Donati si espone molto nel valutare positivamente taluni aspetti dei Patti lateranensi, definiti da Francesco Luigi Ferrari “un’inattesa conciliazione” tra Stato e Chiesa e vissuti come una vera e “propria pugnalata alle spalle” dai cattolici antifascisti. Egli, mentre non esita a riferirsi esplicitamente al “filo fascismo di Pio XI”, non esclude che dall’accordo dell’11 febbraio del 1929 possano venire delle “probabili sorprese” perché, “lo Stato fascista totalitario e antiliberale” ha dovuto garantire “ alla gerarchia cattolica la più illimitata libertà e sovranità”.  Ciò è destinato nel futuro a far emergere in piena vividezza quanto alla base dei rapporti tra cattolicesimo e fascismo vi sia “un conflitto razionale ed etico insuperabile che, investe, come ha dovuto riconoscere di sua bocca lo stesso Pio XI, la concezione stessa dell’anima umana e del suo destino spirituale, i diritti dell’individuo di fronte allo Stato e la funzione di questo rispetto all’individuo, e finalmente il valore del fatto ’patria’ verso il grande dovere cristiano che si ha di tendere all’unità e all’eguaglianza dei vari membri della famiglia umana”.

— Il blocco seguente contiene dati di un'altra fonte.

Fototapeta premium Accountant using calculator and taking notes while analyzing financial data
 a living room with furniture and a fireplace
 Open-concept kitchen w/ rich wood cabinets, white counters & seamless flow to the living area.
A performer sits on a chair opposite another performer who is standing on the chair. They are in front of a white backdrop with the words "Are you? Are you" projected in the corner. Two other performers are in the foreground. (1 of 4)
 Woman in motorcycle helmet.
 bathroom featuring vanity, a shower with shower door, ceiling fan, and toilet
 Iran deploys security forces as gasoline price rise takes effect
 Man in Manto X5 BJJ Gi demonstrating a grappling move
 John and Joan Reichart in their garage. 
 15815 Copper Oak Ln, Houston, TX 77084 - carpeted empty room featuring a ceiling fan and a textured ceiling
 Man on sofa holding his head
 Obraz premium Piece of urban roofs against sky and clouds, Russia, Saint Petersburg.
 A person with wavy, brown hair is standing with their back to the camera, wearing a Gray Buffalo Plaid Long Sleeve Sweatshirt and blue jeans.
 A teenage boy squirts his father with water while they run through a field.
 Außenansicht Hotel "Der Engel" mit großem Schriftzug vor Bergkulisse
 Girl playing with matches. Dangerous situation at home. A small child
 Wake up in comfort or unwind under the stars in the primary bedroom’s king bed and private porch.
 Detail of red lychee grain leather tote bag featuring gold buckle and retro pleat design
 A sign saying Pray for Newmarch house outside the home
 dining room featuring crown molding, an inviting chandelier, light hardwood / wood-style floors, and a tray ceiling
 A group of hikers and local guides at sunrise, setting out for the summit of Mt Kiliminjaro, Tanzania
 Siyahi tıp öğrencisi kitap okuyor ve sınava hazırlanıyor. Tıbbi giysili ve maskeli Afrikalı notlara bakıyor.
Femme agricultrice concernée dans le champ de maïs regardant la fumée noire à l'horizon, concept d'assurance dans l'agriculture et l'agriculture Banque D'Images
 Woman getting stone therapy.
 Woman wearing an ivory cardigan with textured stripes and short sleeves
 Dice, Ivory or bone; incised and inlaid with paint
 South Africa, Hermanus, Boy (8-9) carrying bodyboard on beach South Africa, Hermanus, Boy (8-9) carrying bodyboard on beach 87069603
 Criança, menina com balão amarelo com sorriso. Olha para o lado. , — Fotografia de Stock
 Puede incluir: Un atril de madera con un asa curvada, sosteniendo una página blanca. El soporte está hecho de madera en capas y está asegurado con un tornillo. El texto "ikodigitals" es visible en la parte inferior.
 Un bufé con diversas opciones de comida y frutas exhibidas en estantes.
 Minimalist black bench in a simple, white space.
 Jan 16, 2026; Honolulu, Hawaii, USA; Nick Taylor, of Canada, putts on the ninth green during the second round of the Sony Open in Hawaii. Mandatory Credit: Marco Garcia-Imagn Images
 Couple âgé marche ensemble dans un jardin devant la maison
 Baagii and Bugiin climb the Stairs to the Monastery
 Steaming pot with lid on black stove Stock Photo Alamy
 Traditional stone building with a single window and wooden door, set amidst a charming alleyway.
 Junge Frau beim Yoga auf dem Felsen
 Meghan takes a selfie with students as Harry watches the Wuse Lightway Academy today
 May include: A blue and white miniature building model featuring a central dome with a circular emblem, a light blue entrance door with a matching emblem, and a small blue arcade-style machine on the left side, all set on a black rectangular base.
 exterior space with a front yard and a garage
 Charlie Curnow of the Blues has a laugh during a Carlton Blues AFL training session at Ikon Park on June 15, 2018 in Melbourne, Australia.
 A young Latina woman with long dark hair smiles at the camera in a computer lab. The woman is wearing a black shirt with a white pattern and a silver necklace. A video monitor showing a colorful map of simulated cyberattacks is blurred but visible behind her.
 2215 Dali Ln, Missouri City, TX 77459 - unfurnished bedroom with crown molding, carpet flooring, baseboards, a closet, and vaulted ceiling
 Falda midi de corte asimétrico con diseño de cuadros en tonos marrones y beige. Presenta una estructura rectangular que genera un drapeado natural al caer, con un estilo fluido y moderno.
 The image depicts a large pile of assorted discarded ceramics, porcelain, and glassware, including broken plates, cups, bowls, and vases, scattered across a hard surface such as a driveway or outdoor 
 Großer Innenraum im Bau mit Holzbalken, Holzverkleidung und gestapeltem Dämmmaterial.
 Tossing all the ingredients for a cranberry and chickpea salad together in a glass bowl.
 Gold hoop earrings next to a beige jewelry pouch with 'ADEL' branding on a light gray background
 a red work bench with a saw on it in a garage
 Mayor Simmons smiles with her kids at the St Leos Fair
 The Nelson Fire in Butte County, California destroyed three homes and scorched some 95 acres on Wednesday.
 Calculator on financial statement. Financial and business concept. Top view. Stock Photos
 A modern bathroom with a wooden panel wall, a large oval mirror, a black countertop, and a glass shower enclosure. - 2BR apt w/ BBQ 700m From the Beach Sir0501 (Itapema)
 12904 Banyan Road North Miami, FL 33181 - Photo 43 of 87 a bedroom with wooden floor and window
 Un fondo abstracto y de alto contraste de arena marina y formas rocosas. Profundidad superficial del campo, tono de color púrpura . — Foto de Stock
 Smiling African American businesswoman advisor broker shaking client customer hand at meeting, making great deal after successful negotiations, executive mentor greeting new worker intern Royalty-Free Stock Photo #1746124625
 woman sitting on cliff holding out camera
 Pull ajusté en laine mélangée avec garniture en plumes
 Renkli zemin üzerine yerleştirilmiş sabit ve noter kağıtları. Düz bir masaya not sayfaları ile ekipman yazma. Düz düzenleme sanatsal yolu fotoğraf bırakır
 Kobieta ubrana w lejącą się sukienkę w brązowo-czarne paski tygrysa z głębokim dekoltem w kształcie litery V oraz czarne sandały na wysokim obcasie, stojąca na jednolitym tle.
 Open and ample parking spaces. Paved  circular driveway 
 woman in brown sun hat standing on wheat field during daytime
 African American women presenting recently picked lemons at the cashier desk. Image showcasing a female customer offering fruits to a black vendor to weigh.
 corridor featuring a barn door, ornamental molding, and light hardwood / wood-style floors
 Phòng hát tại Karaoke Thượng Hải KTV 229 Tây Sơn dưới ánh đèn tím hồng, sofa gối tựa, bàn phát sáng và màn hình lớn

Ai laicisti che lo rimproverano della dipendenza da un Vaticano che, sottoscrivendo Trattati lateranensi e Concordato, ha consolidato il regime fascista, Donati risponde di ritenere che il problema sta, invece, “nell’impiego e nei risultati di codesto formidabile istrumento giuridico, politico e morale” che in qualche modo pone il problema della codificazione istituzionale dell’esistenza di una “dualità” di opposto pensiero tra quello del fascismo e quello della Chiesa. Certo, non gli sfugge  che spetta alla Chiesa trasformare tutto ciò in “disimpegno giuridico, politico e morale dal fascismo, cioè nel senso opposto e contrario a quello a cui pensano e i fascisti clericali e, se permettono, gli antifascisti anticlericali”.

E’ ciò a cui, a suo avviso, possono fare riferimento quei cattolici “definitivamente dominati da un legittimo spirito di libertà, per i quali la religione è anzitutto  questione di consenso libero e personale” che si contrappongono ai clericomoderati divenuti clericofascisti.